◆ **THE TASK**
Give back exactly the lines from the beginning of the listing below to the line holding "Mature, handsome man", both ends included; the pictures stay out.

◆ **EXERCISE INPUTS**
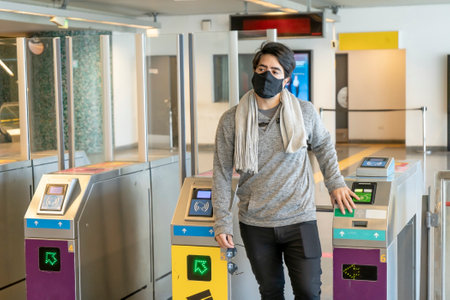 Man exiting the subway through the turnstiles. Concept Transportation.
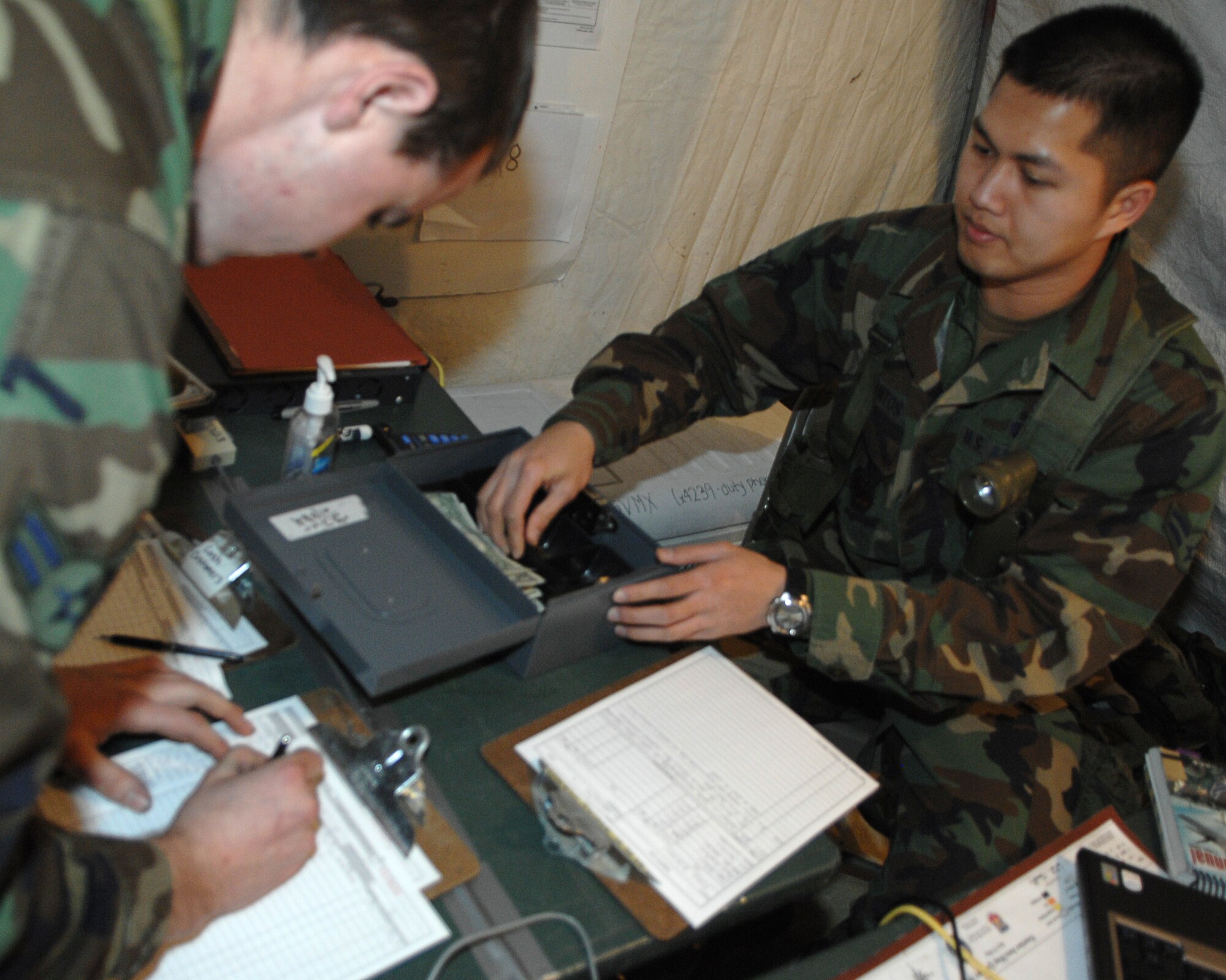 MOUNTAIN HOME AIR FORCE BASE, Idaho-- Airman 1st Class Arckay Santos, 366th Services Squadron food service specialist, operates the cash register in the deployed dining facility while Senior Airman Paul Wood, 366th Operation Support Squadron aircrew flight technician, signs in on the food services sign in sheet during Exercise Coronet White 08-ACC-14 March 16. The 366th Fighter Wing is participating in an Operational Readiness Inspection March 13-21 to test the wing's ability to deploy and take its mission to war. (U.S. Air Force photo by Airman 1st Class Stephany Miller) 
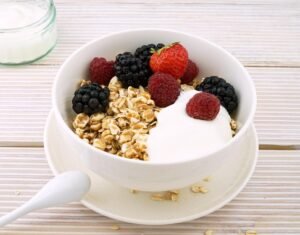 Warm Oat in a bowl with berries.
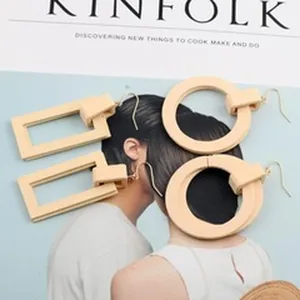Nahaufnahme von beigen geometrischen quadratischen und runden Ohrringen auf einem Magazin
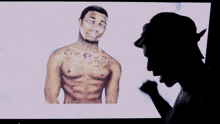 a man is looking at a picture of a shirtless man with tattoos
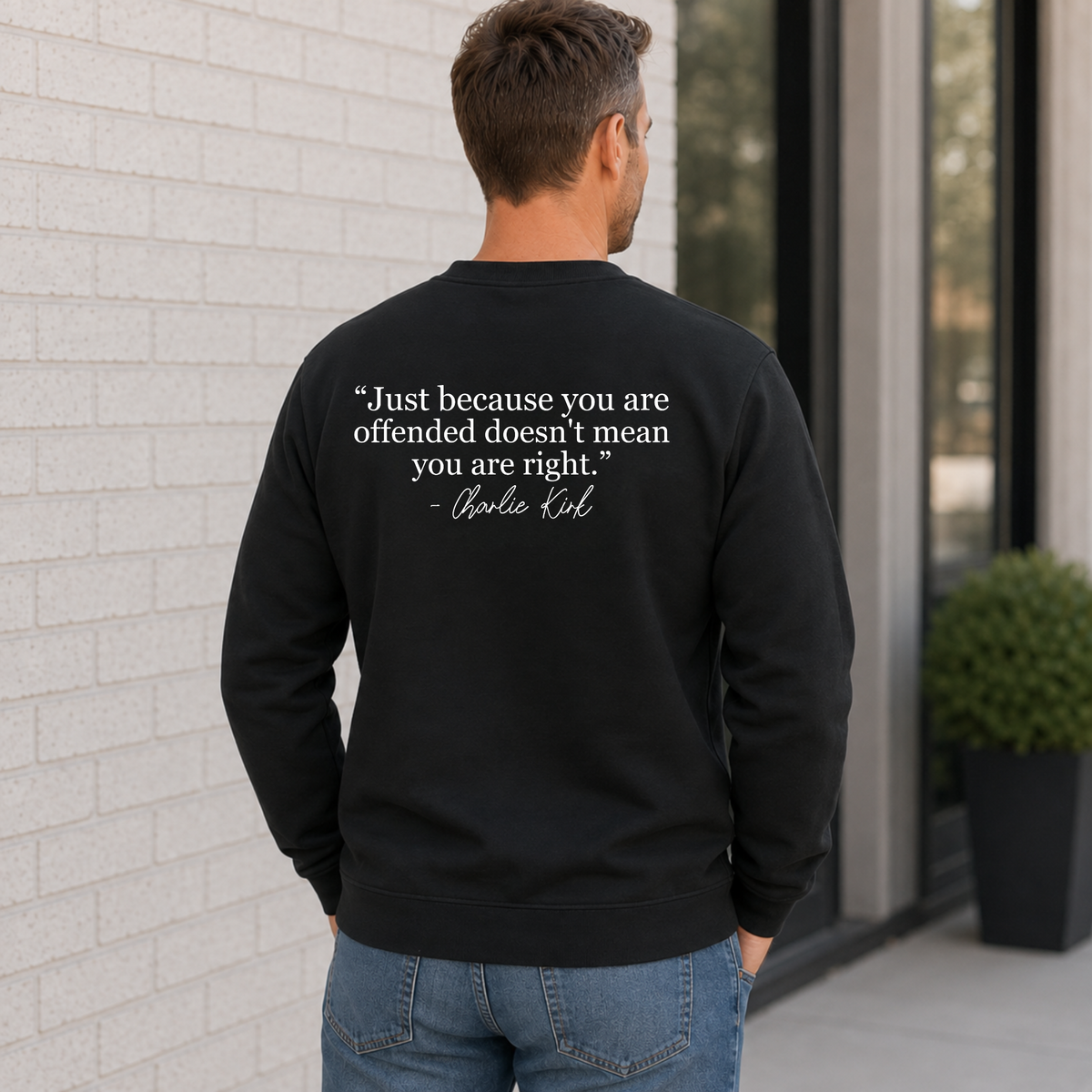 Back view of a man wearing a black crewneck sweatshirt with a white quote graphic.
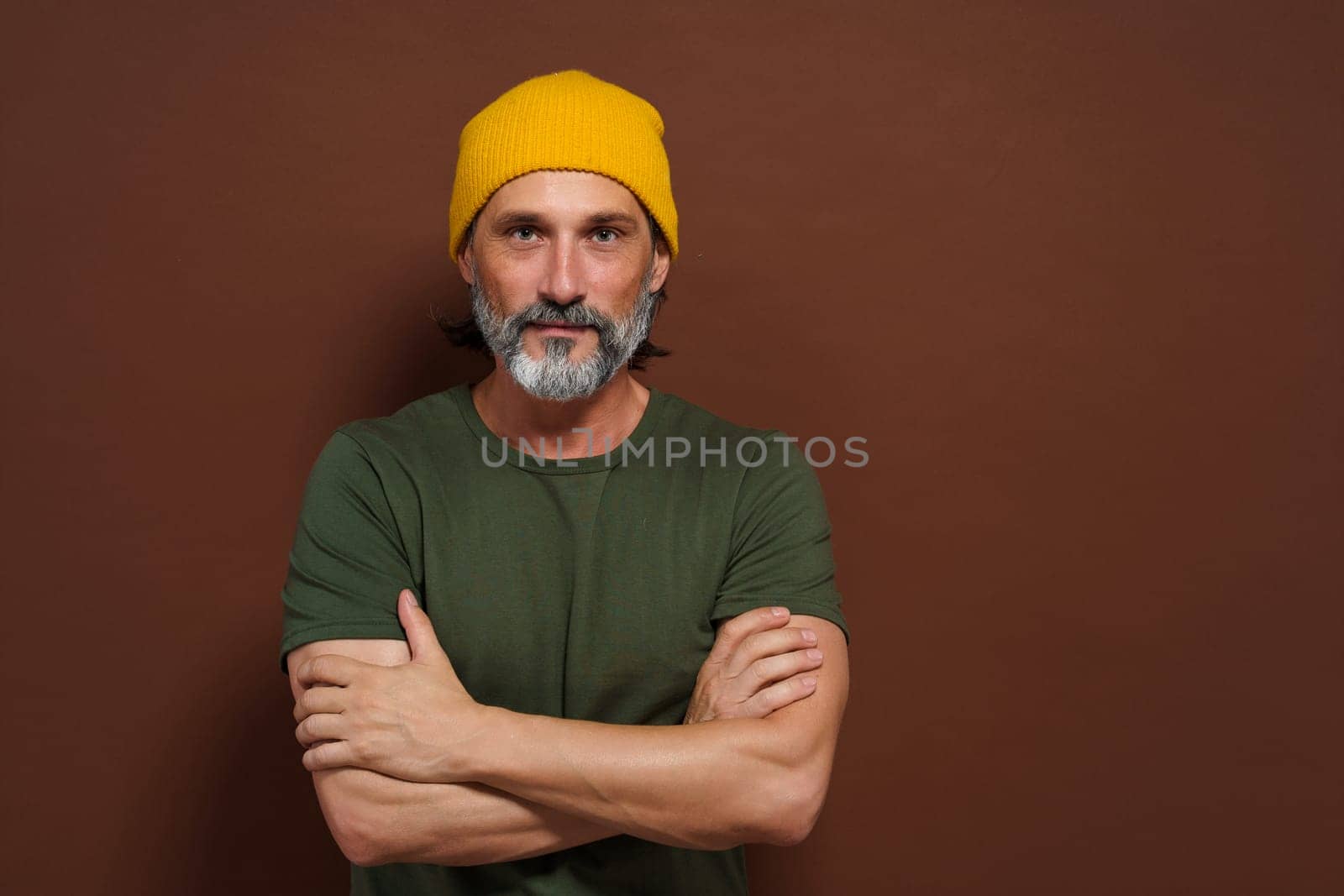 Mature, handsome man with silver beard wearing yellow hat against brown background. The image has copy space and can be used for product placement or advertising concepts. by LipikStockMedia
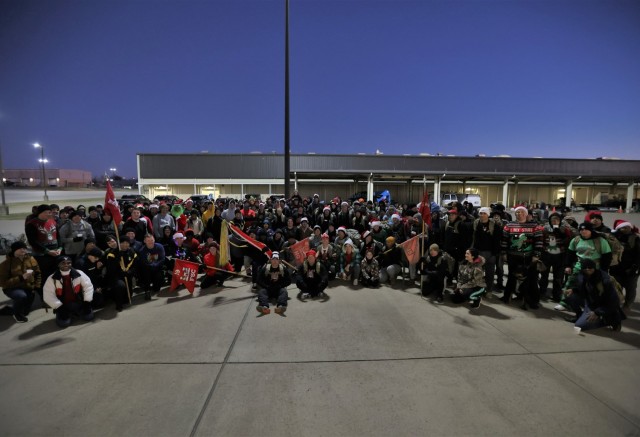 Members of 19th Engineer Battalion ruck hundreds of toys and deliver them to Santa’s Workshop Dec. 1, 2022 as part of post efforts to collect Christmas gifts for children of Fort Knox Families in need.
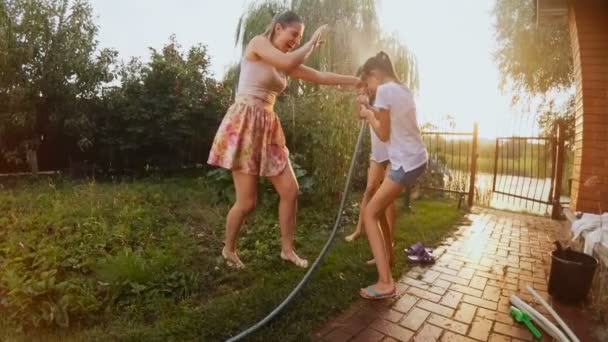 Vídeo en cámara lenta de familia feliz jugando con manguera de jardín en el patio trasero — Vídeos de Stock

◆ **EXPECTED OUTPUT**
 Man exiting the subway through the turnstiles. Concept Transportation.
 MOUNTAIN HOME AIR FORCE BASE, Idaho-- Airman 1st Class Arckay Santos, 366th Services Squadron food service specialist, operates the cash register in the deployed dining facility while Senior Airman Paul Wood, 366th Operation Support Squadron aircrew flight technician, signs in on the food services sign in sheet during Exercise Coronet White 08-ACC-14 March 16. The 366th Fighter Wing is participating in an Operational Readiness Inspection March 13-21 to test the wing's ability to deploy and take its mission to war. (U.S. Air Force photo by Airman 1st Class Stephany Miller) 
 Warm Oat in a bowl with berries.
Nahaufnahme von beigen geometrischen quadratischen und runden Ohrringen auf einem Magazin
 a man is looking at a picture of a shirtless man with tattoos
 Back view of a man wearing a black crewneck sweatshirt with a white quote graphic.
 Mature, handsome man with silver beard wearing yellow hat against brown background. The image has copy space and can be used for product placement or advertising concepts. by LipikStockMedia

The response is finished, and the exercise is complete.